= Source data =
• • • • • • •

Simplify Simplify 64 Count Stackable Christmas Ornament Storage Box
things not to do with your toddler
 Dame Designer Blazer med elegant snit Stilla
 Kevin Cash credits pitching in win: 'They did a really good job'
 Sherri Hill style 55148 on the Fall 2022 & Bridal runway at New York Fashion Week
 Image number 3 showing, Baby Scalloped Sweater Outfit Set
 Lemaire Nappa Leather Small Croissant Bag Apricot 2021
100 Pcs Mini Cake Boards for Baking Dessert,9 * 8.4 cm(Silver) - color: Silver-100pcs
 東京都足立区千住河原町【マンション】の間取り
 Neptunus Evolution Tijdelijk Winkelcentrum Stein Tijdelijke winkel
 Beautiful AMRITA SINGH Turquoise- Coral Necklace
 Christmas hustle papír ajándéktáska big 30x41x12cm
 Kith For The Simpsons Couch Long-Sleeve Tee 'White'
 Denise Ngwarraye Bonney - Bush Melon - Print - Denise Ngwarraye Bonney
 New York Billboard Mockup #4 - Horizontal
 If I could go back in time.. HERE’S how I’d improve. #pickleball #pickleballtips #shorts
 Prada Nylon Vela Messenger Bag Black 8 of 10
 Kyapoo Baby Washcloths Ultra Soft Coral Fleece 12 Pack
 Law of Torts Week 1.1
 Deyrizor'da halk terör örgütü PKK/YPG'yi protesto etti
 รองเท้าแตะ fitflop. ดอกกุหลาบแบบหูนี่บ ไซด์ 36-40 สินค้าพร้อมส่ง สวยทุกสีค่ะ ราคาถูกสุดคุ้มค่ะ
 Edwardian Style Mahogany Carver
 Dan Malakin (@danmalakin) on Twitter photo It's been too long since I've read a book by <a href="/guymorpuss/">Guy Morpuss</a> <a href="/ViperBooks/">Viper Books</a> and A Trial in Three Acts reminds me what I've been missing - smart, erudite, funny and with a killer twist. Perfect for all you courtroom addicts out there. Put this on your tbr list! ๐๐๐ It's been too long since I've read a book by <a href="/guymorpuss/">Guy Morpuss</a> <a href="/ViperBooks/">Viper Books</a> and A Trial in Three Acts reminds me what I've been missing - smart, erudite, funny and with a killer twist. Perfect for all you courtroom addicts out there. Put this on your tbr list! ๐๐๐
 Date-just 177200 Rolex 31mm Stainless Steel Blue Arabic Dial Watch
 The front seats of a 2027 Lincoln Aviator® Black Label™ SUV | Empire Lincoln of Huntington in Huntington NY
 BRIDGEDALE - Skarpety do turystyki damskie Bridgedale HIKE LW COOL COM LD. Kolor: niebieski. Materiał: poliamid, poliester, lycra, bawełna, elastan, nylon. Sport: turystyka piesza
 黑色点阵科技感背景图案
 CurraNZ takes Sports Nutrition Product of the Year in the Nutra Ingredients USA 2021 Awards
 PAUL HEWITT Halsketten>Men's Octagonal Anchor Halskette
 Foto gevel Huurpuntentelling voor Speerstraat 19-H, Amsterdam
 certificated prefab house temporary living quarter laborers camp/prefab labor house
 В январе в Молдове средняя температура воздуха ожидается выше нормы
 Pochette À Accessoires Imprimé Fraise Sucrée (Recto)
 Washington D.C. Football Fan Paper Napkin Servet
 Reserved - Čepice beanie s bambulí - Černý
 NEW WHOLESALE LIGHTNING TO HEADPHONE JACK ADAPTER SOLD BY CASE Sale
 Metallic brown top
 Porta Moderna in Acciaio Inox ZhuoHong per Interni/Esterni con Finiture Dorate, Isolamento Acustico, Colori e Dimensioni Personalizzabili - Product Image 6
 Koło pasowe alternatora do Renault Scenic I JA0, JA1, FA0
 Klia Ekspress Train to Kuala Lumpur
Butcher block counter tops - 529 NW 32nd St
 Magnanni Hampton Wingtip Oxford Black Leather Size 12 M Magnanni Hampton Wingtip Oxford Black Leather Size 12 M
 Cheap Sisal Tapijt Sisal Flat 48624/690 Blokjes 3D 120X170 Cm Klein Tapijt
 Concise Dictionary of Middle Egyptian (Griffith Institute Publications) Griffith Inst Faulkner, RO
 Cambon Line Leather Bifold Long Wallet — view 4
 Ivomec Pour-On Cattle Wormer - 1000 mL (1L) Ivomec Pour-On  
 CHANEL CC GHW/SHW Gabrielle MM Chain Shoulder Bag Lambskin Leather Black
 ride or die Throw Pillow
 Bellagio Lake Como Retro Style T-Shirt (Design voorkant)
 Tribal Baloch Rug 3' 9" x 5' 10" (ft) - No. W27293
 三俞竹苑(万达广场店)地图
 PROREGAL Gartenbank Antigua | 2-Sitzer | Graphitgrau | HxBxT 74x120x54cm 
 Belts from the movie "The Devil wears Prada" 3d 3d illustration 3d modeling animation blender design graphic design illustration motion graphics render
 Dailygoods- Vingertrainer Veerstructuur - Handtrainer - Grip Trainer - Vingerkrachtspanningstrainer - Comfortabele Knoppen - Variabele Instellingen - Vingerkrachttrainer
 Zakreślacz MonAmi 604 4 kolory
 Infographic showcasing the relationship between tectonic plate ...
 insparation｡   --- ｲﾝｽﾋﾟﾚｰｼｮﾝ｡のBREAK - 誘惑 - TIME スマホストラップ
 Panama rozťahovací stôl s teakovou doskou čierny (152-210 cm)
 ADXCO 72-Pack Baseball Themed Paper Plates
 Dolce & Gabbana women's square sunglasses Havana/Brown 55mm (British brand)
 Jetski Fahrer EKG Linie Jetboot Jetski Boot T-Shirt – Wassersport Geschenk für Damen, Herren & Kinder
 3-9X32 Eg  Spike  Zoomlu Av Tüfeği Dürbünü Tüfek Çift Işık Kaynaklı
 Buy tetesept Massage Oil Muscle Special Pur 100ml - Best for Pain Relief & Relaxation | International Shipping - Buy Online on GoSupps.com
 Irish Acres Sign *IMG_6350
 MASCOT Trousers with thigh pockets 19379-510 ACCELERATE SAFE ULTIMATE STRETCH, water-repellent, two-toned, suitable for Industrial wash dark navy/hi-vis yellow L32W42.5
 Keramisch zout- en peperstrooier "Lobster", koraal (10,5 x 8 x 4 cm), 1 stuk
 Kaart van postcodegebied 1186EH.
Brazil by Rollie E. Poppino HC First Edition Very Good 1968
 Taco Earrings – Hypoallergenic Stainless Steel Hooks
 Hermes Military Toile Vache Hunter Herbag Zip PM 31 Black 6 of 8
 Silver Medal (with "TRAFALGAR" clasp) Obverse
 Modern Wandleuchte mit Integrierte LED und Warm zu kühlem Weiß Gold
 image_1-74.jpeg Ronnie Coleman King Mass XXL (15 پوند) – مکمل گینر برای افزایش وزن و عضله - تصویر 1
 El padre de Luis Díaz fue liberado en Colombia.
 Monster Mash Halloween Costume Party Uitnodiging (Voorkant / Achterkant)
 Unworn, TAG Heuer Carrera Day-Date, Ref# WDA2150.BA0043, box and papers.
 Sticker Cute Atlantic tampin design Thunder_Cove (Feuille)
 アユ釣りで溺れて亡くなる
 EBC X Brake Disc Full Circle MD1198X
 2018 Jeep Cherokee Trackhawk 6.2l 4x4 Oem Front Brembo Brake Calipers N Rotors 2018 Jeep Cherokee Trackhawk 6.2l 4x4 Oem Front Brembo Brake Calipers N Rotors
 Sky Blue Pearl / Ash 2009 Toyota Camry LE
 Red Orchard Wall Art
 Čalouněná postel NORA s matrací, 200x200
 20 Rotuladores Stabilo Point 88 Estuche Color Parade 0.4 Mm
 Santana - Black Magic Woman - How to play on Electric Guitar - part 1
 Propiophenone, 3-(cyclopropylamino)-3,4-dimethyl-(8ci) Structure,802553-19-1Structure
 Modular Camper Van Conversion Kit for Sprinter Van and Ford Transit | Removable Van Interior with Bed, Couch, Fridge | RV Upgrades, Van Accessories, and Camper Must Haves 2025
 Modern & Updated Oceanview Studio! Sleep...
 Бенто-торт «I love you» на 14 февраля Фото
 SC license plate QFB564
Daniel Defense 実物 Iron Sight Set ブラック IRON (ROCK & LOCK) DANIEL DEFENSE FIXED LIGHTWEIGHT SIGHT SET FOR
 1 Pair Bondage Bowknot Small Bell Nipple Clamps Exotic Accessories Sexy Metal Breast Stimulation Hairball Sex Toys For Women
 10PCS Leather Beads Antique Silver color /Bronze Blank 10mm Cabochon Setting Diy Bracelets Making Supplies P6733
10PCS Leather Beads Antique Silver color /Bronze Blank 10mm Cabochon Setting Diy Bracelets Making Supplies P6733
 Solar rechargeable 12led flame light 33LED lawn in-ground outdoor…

• • • • • • •

= What needs to be done =
Note each line above that contains "Bronze" and copy it out.

= Reply =
 10PCS Leather Beads Antique Silver color /Bronze Blank 10mm Cabochon Setting Diy Bracelets Making Supplies P6733
10PCS Leather Beads Antique Silver color /Bronze Blank 10mm Cabochon Setting Diy Bracelets Making Supplies P6733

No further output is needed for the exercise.